**YOUR OBJECTIVE**
Repeat, exactly as written, the lines of the records below from the first through the line with "ヴィンテージの花の金ゴールドのフェイクなグリッターの点は縞で飾ります ペーパープレート (パーティー)", but none past it.

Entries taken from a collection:

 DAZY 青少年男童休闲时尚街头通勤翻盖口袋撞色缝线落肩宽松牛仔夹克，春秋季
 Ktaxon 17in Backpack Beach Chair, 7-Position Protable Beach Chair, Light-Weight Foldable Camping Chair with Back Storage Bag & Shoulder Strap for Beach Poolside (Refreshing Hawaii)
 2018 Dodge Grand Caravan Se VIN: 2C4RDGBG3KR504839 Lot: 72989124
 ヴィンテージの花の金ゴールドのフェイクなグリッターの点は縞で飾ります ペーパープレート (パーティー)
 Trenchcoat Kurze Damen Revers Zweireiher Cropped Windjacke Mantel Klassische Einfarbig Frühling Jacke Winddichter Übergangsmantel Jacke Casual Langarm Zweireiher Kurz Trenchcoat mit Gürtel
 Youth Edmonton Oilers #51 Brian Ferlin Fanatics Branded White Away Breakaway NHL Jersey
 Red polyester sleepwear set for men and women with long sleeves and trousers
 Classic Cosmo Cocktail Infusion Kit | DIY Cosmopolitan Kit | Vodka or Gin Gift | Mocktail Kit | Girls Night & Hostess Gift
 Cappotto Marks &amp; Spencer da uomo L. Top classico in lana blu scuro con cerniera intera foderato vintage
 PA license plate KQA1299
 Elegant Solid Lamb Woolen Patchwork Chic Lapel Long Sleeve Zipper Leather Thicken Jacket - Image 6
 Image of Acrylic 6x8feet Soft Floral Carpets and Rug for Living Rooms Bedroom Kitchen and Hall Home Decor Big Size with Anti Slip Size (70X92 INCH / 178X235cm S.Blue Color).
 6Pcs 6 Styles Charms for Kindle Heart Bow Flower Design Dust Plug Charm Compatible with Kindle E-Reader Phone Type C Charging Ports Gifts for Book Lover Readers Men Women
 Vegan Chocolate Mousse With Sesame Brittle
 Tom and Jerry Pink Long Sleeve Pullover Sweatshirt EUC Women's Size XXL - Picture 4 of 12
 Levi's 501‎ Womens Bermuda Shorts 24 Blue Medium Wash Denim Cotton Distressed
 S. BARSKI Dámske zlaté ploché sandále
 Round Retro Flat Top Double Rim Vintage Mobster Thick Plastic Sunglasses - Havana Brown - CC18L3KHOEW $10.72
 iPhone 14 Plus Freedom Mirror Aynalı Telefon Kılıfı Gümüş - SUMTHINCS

**YOUR SOLUTION**
 DAZY 青少年男童休闲时尚街头通勤翻盖口袋撞色缝线落肩宽松牛仔夹克，春秋季
 Ktaxon 17in Backpack Beach Chair, 7-Position Protable Beach Chair, Light-Weight Foldable Camping Chair with Back Storage Bag & Shoulder Strap for Beach Poolside (Refreshing Hawaii)
 2018 Dodge Grand Caravan Se VIN: 2C4RDGBG3KR504839 Lot: 72989124
 ヴィンテージの花の金ゴールドのフェイクなグリッターの点は縞で飾ります ペーパープレート (パーティー)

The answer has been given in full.